RE: Possible bug

It's just a hack, but it may be safest to set both XmlOut=yes and xHTML=yes
in response to the -asxml option.  At config parse time, Tidy may not know
yet if it is dealing w/ pure XML or HTML input.  With both options set, the
output will always be XML of one kind or the other.  Also, it should provide
compatible behavior for most (maybe all) existing scripts.

my $0.02 worth,
Charlie


-----Original Message-----
From: Terry Teague [mailto:terry_teague@users.sourceforge.net]
Sent: Thursday, September 20, 2001 4:44 AM
To: html-tidy@w3.org
Subject: Re: Possible bug


At 12:41 PM +0400 9/18/01, TheCroll [mail.ru] wrote:
>I have downloaded tidy.win32.v1.9beta.exe from tidy.sourceforge.net
>and launched it with -h | more. In the processing directives 
>list it is said that -asxml and -asxhtml are both for to 
>convert HTML to well-formed XHTML. Is it correct (I mean 
>for -asxml)?

It is a little confusing - I asked myself similar questions when I was
modifying the source code, and meant to raise the issue, but forgot (thanks
for bringing the issue up).

Basically the "-asxml" option has been there for a long time (at least a few
years), and while it may have originally been used to convert HTML to
well-formed XML, the code was changed a couple of years ago, so that the
"-asxml" option was used to create well-formed XHTML output (the code in
"tidy.c" sets xHTML = yes).
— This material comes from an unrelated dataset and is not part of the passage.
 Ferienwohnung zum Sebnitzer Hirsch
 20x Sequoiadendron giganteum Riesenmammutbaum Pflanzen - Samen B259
The help msg in "localize.c" has always said :

"-asxml          to convert html to wellformed xml"

This issue was sort of raised before by Douglas Cook on 18 Aug 1999 :

>The last thing I wanted to mention was a minor bug in the command
>line parser for Tidy.  The option -asxml is supposed to make tidy
>output XML, but it is actually parsed into the "output XHTML" 
>option instead.  Change line 713 from "xHTML = yes;" to "XmlOut =
>yes;" to fix the problem.  The distinction is minor, but this keeps
>it consistent with the config file's options.
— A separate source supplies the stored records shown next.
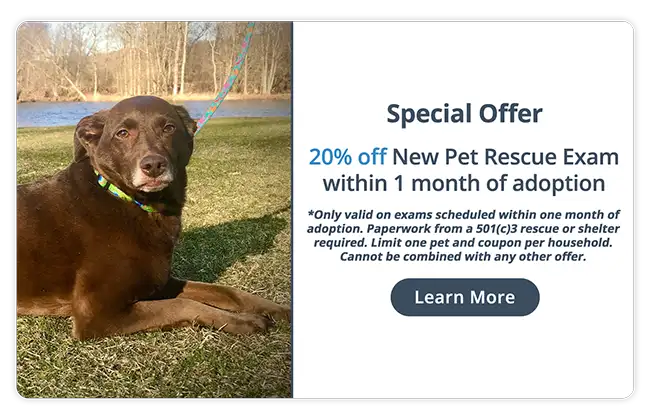 Special Offer! 20% off New Pet Rescue Exam within 1 month of adoption!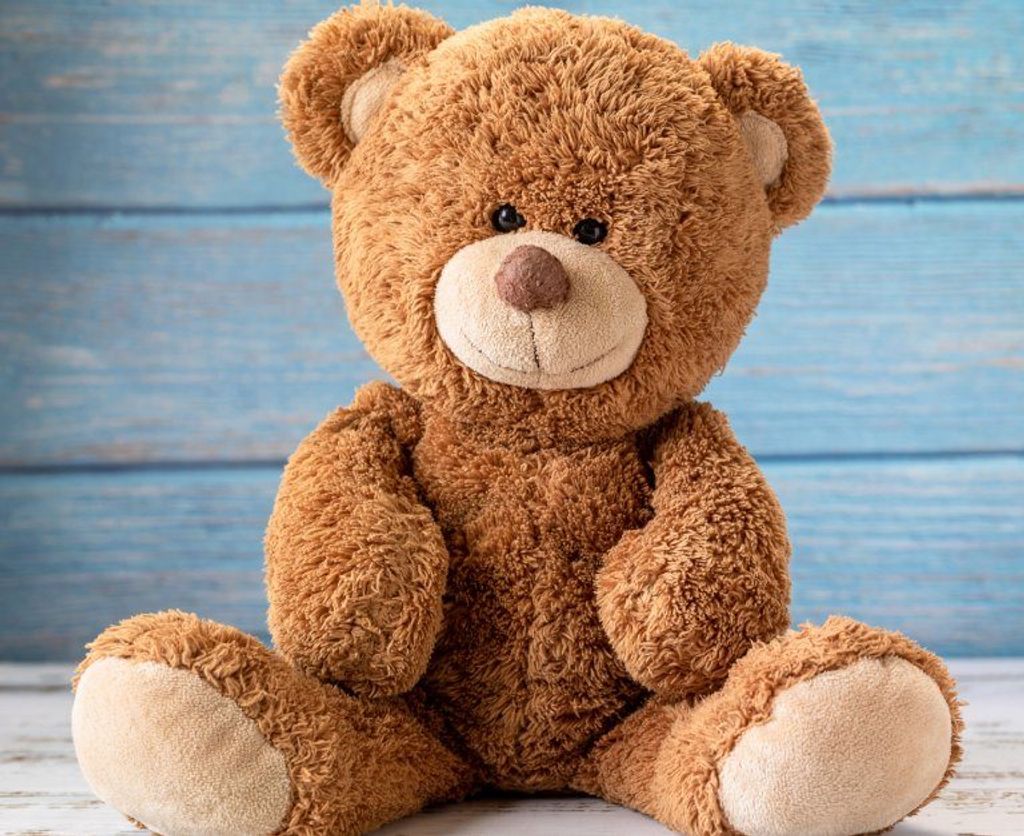 Noah Jay Matthew Profile Photo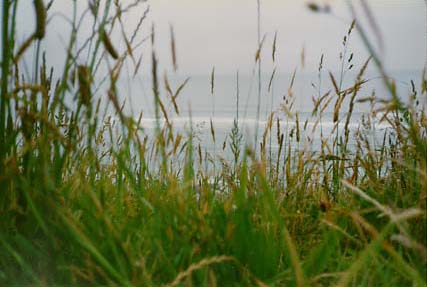 good morning ocean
The above suggested fix was never made.

>As far as that goes, it may make sense to add a separate command line
option
>for xHTML, adding
>
>            else if (strcmp(arg, "asxhtml") == 0)
>                xHTML = yes;
>
>right below line 713.  Of course since the distinction between 
>the XML and XHTML outputs is minimal (Tidy outputs the original
>DOCTYPE in XML vs. a generated DOCTYPE in XHTML, and adds the 
>xmlns attribute to the <html> tag in XHTML, and possibly a few 
>other minor differences that I didn't notice), this may be a moot
>point.

The "-asxhtml" option was added later, I imagine as an alternative spelling
(it is more logical). The code in "tidy.c" also sets xHTML = yes.

What was missing was the help msg in "localize.c" for "-asxhtml", which I
added, and then changed the help msg in "localize.c" for "-asxml" to match
what the option actually did. This change was made recently, and that is why
you noticed the possibility of a bug.

At this time, the config file option "output-xml: yes" is inconsistent in
behaviour with respect to the command line option "-asxml".
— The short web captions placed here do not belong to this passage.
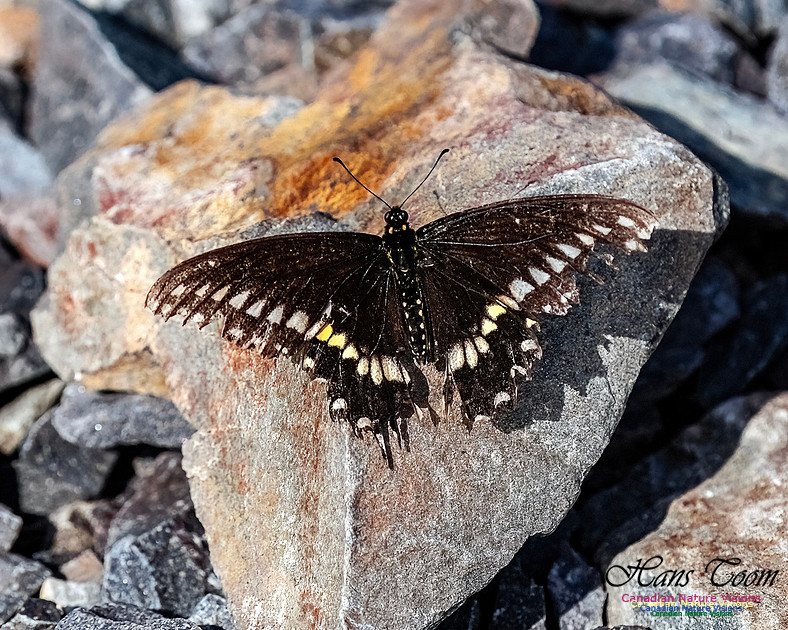 White Admiral 100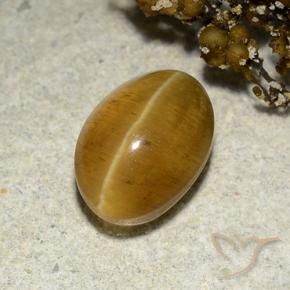 Apatita Ojo de Gato Marrón-oro natural de 3.48 ct, Ovalada, Translúcido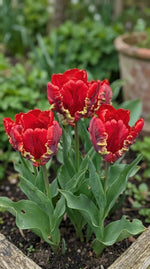 Tulipa 'Seadov Parrot' (Tulip) - Harding & Bloom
I personally tend to side with the other people who say it is a bug, but I
would like to hear more authorative opinions (particularly Dave Raggett,
since I believe this is code he touched a long time ago), before changing
the behaviour/code. It is possible it is also a moot point as described by
Douglas Cook above.

Regards, Terry

Received on Thursday, 20 September 2001 14:58:06 UTC